Ask HN: Why there is so many Google lovers on Hacker News? - gfaremil

I found it interesting that Hacker News is full of Google lovers: if you say anything against Google you will be downvoted.<p>I'm not saying that is bad or anything but just it is interesting. Could it be that a lot Google employees lurk on Hacker News? Could it because young engineers are generally impressed by Google technology and because of that anything else Google does must be good?
======
jeffool
To be fair, a lot of complaints about any company/site/etc aren't just
complaints, but instead preferences of something else. So sometimes it's not
really a legit complaint, just fanboyism of something else, instead.

That said, I also think that the Google preference (where ever it's found)
comes from a large consensus that Google has done relatively well on the "do
no evil" philosophy. This isn't to say they can do no _wrong_ , surely they
can, but evil? Fans seem to think they do far less that many competitors seem
to, anyway.

And personally, I've recently realized that I do actually have such a rather
positive opinion of Google. After the Motorola announcement I did a little
reflection and realized had it been most other companies I would've been a
little more weary of the acquisition. With Google I thought "Huh. That could
be neat. Maybe they could buy T-Mobile too."

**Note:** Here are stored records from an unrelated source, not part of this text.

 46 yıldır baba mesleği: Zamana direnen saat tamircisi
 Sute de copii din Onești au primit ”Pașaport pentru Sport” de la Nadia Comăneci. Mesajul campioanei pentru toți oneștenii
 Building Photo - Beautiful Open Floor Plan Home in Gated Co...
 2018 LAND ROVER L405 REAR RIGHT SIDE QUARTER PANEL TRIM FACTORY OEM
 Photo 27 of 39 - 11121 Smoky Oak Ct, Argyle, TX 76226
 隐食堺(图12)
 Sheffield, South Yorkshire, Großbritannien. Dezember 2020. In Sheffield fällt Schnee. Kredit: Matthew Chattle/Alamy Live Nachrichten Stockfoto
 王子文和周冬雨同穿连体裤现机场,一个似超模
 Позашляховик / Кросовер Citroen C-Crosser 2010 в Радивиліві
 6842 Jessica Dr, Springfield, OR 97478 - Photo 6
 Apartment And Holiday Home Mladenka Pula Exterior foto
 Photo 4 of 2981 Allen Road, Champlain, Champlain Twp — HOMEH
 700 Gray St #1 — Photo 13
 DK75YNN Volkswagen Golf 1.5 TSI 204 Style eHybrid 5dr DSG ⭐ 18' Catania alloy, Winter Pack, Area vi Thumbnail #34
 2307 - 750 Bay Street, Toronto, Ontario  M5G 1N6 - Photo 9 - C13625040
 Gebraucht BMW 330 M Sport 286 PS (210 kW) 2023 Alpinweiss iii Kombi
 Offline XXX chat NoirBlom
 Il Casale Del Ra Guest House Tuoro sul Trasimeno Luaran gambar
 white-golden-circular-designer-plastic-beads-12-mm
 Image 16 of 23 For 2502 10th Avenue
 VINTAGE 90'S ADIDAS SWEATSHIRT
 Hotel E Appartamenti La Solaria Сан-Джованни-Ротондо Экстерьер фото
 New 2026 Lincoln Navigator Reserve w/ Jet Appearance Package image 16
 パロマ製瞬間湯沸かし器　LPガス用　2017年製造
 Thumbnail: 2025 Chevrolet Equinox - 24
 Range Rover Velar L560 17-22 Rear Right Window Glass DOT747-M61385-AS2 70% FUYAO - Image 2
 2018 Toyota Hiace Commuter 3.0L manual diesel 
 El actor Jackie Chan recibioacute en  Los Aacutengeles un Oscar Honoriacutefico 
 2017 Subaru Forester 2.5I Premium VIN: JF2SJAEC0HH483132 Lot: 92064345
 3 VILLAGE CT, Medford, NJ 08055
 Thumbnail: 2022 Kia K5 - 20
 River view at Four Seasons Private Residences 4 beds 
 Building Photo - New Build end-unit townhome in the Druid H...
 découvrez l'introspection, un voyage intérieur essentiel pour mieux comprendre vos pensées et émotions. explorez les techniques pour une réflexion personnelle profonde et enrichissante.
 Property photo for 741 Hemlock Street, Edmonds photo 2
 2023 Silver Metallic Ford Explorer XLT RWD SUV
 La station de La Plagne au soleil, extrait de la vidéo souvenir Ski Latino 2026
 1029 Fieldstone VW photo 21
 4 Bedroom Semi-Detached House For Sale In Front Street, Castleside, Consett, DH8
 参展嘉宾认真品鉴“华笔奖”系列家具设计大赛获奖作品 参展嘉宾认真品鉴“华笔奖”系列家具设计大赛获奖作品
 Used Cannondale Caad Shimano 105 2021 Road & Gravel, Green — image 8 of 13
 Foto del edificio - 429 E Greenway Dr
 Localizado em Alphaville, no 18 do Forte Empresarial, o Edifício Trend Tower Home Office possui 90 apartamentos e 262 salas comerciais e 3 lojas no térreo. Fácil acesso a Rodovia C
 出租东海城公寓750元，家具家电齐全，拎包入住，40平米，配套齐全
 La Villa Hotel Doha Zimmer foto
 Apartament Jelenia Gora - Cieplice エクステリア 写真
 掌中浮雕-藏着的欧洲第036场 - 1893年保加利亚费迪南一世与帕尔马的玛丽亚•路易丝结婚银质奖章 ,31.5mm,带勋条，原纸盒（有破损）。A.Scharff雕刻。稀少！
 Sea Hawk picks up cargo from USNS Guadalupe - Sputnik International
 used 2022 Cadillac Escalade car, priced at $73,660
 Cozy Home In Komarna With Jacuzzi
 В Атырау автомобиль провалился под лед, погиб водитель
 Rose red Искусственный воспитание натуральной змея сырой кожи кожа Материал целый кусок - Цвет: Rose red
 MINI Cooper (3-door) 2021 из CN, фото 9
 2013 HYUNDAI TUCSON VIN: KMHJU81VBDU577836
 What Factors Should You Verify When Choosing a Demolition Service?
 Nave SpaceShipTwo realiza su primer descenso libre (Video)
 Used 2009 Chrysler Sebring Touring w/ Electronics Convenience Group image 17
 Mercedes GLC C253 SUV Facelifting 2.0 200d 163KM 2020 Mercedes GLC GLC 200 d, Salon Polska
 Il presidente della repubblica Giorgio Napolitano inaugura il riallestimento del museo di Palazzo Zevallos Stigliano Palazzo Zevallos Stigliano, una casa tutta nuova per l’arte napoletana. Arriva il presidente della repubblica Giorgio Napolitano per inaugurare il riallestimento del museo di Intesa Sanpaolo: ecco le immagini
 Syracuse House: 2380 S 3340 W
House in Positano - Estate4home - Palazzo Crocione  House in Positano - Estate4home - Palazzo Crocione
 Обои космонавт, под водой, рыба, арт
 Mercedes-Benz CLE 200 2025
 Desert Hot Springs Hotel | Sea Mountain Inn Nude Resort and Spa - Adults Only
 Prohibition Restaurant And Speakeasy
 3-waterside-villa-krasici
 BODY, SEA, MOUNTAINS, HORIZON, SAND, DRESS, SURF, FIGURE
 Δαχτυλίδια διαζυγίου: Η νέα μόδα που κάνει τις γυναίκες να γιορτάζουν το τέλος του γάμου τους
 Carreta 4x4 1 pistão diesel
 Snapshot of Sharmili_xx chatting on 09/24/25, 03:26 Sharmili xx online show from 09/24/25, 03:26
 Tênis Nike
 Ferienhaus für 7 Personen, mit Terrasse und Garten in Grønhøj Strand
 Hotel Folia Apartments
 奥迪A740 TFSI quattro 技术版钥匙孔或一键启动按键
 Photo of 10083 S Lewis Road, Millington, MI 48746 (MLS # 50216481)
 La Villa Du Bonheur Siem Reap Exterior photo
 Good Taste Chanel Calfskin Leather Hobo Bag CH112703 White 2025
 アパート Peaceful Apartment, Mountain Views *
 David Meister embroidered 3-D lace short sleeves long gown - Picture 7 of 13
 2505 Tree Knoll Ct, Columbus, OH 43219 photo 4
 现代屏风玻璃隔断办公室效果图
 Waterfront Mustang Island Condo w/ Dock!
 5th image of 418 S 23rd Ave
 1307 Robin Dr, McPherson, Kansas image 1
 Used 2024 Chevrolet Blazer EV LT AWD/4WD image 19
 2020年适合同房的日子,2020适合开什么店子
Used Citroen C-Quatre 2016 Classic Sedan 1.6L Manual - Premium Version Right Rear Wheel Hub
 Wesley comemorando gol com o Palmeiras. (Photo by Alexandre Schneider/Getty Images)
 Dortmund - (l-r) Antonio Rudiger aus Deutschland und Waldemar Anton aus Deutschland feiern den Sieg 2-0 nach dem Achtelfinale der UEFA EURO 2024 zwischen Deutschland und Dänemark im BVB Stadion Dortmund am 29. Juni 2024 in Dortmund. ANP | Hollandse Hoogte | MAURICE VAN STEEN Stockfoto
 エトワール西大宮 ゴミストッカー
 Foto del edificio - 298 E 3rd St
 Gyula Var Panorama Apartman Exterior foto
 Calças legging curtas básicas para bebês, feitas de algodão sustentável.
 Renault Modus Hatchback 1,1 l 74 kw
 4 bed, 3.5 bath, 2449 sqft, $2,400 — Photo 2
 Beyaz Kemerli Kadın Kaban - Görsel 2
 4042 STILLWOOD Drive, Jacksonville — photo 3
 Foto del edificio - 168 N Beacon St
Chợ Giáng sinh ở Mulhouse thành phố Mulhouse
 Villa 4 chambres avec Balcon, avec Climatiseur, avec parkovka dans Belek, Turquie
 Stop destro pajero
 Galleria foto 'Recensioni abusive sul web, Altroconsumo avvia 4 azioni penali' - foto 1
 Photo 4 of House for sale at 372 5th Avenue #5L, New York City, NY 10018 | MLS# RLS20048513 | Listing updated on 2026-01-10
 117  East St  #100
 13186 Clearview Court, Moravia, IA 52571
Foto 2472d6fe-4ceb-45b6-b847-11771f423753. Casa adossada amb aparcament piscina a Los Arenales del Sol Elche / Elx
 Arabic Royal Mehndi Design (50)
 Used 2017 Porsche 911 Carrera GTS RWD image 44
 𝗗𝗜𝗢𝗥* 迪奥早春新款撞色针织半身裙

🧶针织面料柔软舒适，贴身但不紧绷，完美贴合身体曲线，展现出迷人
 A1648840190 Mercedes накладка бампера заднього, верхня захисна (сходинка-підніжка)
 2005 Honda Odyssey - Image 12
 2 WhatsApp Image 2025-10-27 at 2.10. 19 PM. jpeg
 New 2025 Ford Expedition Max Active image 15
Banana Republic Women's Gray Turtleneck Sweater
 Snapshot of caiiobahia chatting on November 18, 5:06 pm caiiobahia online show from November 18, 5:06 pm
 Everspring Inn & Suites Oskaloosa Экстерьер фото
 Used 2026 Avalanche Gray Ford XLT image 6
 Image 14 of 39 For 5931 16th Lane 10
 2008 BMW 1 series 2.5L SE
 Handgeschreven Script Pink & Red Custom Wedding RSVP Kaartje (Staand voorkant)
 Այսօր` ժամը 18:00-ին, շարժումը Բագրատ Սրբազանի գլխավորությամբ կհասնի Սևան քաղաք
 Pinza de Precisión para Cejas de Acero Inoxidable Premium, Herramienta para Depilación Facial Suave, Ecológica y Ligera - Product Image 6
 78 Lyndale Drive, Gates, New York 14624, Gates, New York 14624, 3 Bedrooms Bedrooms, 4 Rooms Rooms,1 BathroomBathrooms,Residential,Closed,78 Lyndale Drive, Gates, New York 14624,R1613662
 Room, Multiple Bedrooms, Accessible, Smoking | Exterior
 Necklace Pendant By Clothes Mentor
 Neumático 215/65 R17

So, I'm curious if you have a particular example? Maybe I help you see why
others didn't take kindly to it? (Maybe, anyway.)

------
franze
when google screws up (which they do, sometimes, sometimes they don't) there
is a fair share of criticism, too i.e.:
<http://news.ycombinator.com/item?id=2592399>

but as a matter of fact, i'm quite glad that HN does not share the overall
"Google Datenkrake" hysteria.